From what I see on the NREMT site you need a total of 72 hours of refresher and continuing education to re-certify or like EMT11KDL said you can retake the CAT (computer adaptive test). The 72 hour req is what it shows for me at least, I am in Washington state, as far as I know national recert is all the same 72 hours but i'm not 100% sure on that. State cert info you can get from your states department of health.


----------



## OnceAnEMT (Jan 20, 2015)

If you go the CE hours route, you need to have 48 hours of CEs on top of the 24 hour refresher. They can be preeeeetty broad too.


----------



## Handsome Robb (Jan 20, 2015)

To rectify your NREMT the first time around you have to be affiliated with an agency. If you aren't affiliated you can't renew your NREMT as far as I'm aware. After your first recertification cycle you can apply to be recertified as 'inactive'.


----------



## jayla (Jan 25, 2015)

hello everyone have a quick question, I was wondering about the NREMT site I need to schedule my test since I did not pass but I am not able to do so. Does my school have to verified again before I can schedule my test again.


----------



## EMT11KDL (Jan 25, 2015)

What is your question?


----------



## jayla (Jan 25, 2015)

well I had to do my application again and yes this will be my 3rd try again but last time I don't remember my school having to varifie anything I am not sure I am doing right this time. cant seem to find any way to do it.


----------



## RefriedEMT (Jan 26, 2015)

I would call the national registry themselves but as far as I know you get 3 or 4 tries I forget which might even be 5 but after so many they make you take a refresher course and you get another try or two then after that you have to retake the entire course.
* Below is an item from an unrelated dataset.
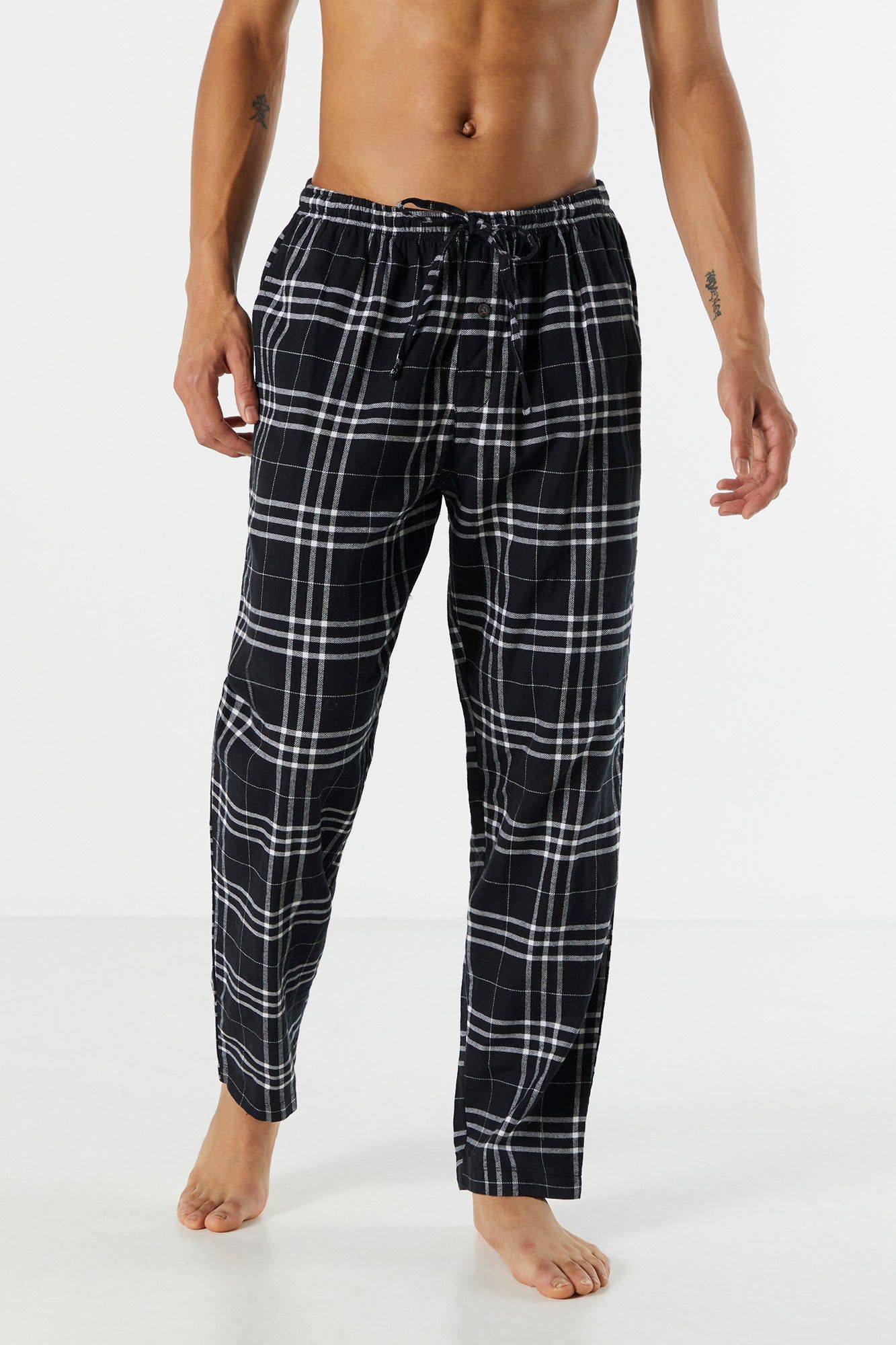 Black Plaid Pajama Pant sold by Urban Planet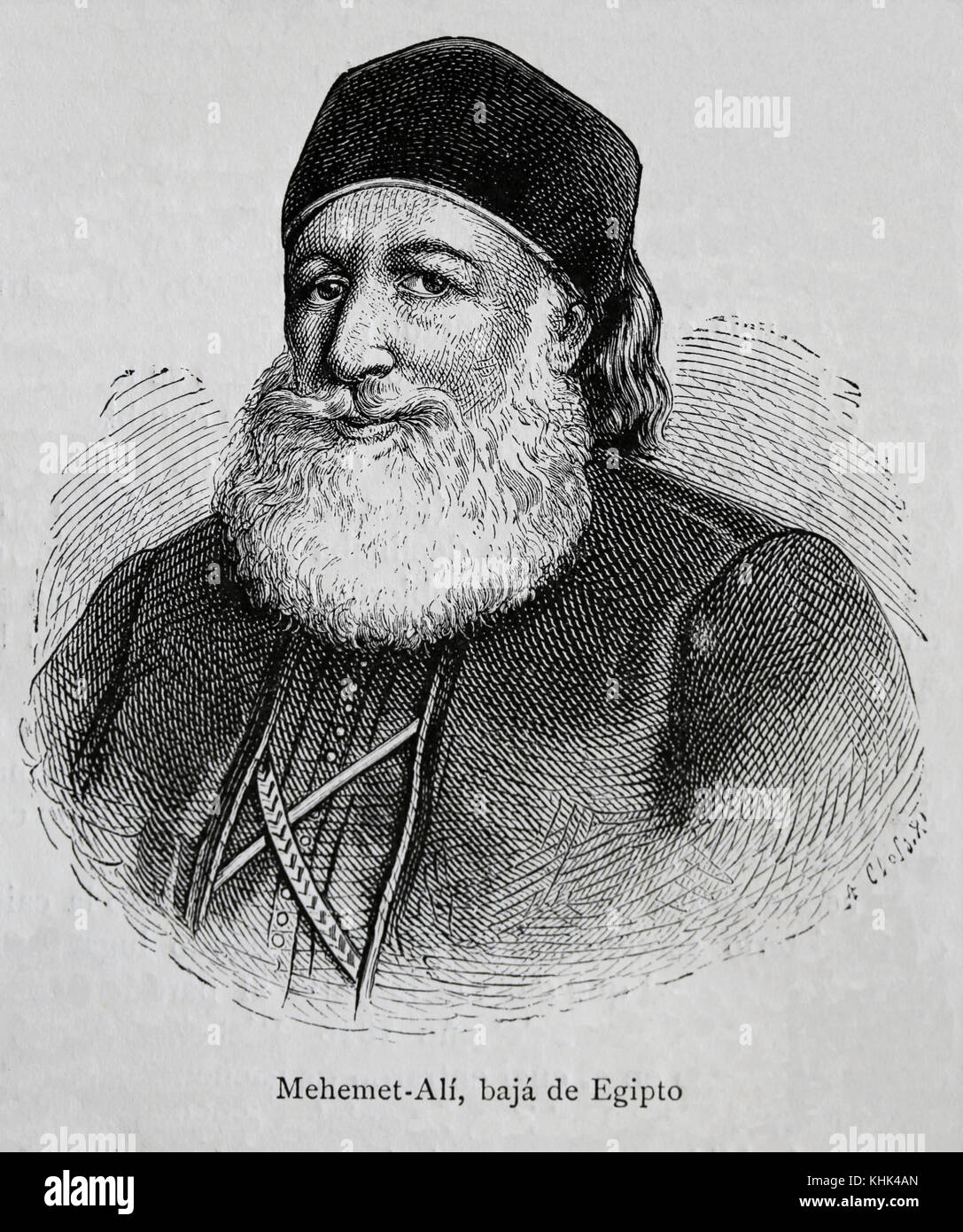Muhammad Ali d'Egitto (1769-1849). Il comandante albanese nell'esercito ottomano. incisione. Foto Stock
The NREMT site should have all this info on it, if you can't find it just call them.


----------



## EMT11KDL (Jan 29, 2015)

jayla said:


> well I had to do my application again and yes this will be my 3rd try again but last time I don't remember my school having to varifie anything I am not sure I am doing right this time. cant seem to find any way to do it.


You shouldn't need to have school verify if they already have. Contact Nremt


----------



## NomadicMedic (Jan 29, 2015)

3 fails = refresher. 6 fails = class redo.


----------